Re: [RFC 2/2] KVM: add virtio-pmem driver

From: Dan Williams
Date: Thu Oct 12 2017 - 17:55:01 EST


On Thu, Oct 12, 2017 at 2:25 PM, Pankaj Gupta <pagupta@xxxxxxxxxx> wrote:
>
>> > This patch adds virtio-pmem driver for KVM guest.
>> > Guest reads the persistent memory range information
>> > over virtio bus from Qemu and reserves the range
>> > as persistent memory. Guest also allocates a block
>> > device corresponding to the pmem range which later
>> > can be accessed with DAX compatible file systems.
>> > Idea is to use the virtio channel between guest and
>> > host to perform the block device flush for guest pmem
>> > DAX device.
>> >
>> > There is work to do including DAX file system support
>> > and other advanced features.
>> >
>> > Signed-off-by: Pankaj Gupta <pagupta@xxxxxxxxxx>
>> > ---
>> > drivers/virtio/Kconfig | 10 ++
>> > drivers/virtio/Makefile | 1 +
>> > drivers/virtio/virtio_pmem.c | 322
>> > +++++++++++++++++++++++++++++++++++++++
>> > include/uapi/linux/virtio_pmem.h | 55 +++++++
>> > 4 files changed, 388 insertions(+)
>> > create mode 100644 drivers/virtio/virtio_pmem.c
>> > create mode 100644 include/uapi/linux/virtio_pmem.h
>> >
>> > diff --git a/drivers/virtio/Kconfig b/drivers/virtio/Kconfig
>> > index cff773f15b7e..0192c4bda54b 100644
>> > --- a/drivers/virtio/Kconfig
>> > +++ b/drivers/virtio/Kconfig
>> > @@ -38,6 +38,16 @@ config VIRTIO_PCI_LEGACY
>> >
>> > If unsure, say Y.
>> >
>> > +config VIRTIO_PMEM
>> > + tristate "Virtio pmem driver"
>> > + depends on VIRTIO
>> > + ---help---
>> > + This driver adds persistent memory range within a KVM guest.
>>
>> I think we need to call this something other than persistent memory to
>> make it clear that this not memory where the persistence can be
>> managed from userspace. The persistence point always requires a driver
>> call, so this is something distinctly different than "persistent
>> memory". For example, it's a bug if this memory range ends up backing
>> a device-dax range in the guest where there is no such thing as a
>> driver callback to perform the flushing. How does this solution
>> protect against that scenario?
>
> yes, you are right we are not providing device_dax in this case so it should
> be clear from name. Any suggestion for name?

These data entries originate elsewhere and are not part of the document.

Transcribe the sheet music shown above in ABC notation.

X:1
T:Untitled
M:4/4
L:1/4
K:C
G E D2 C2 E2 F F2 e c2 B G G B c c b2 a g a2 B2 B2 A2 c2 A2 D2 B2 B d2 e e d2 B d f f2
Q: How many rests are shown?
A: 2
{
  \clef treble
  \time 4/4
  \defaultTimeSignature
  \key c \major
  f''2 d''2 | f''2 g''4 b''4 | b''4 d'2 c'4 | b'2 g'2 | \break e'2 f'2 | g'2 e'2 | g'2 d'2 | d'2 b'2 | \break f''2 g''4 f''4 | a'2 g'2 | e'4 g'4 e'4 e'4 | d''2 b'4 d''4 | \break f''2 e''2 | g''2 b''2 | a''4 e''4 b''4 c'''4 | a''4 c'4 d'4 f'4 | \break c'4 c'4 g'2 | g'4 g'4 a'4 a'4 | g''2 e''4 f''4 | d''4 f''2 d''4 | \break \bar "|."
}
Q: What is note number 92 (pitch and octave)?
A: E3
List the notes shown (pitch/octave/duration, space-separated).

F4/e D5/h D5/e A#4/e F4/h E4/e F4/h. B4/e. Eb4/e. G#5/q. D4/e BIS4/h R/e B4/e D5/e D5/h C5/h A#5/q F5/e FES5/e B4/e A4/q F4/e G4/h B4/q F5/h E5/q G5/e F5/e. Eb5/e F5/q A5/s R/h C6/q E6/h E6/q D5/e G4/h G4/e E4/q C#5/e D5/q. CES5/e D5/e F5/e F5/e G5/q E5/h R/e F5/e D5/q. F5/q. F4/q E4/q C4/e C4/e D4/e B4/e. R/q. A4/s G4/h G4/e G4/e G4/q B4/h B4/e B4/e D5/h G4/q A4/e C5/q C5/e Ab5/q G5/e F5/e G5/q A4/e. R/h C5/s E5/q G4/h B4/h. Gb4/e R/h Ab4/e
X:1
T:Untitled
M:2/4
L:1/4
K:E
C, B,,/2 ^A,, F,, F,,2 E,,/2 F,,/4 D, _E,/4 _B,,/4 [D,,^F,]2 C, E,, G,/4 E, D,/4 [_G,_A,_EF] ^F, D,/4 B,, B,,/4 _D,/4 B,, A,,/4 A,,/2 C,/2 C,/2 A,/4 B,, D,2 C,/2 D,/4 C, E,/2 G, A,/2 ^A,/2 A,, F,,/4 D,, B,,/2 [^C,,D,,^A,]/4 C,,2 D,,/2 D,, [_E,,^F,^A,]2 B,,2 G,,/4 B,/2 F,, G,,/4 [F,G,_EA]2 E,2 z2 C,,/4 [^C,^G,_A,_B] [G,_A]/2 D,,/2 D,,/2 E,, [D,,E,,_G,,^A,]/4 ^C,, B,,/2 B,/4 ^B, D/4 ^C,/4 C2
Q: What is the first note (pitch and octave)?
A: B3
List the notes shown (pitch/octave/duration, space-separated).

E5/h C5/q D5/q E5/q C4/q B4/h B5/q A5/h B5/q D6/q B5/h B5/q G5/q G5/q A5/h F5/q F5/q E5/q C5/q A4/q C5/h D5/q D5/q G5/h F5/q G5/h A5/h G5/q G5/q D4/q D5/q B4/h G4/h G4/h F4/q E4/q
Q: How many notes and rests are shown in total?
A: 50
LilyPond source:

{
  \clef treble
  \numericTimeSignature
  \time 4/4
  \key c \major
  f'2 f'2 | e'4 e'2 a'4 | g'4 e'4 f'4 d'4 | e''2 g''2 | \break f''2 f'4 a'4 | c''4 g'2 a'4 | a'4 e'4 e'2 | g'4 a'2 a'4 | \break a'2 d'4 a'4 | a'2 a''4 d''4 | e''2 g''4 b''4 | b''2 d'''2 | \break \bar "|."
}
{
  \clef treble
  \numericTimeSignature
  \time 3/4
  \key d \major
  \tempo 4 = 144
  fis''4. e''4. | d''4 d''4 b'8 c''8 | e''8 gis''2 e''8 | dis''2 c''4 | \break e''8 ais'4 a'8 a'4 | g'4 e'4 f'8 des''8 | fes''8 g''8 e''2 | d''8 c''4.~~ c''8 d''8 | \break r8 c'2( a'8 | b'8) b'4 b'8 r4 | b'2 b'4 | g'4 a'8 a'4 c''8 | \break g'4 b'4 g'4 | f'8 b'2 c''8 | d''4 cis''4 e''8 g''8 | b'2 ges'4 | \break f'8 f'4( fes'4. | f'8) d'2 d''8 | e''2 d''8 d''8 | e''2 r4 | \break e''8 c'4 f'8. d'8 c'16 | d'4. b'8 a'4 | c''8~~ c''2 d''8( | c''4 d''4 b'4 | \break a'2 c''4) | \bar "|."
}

So currently /proc/iomem in a guest with a pmem device attached to a
namespace looks like this:

c00000000-13bfffffff : Persistent Memory
c00000000-13bfffffff : namespace2.0

Can we call it "Virtio Shared Memory" to make it clear it is a
different beast than typical "Persistent Memory"? You can likely
inject your own name into the resource tree the same way we do in the
NFIT driver. See acpi_nfit_insert_resource().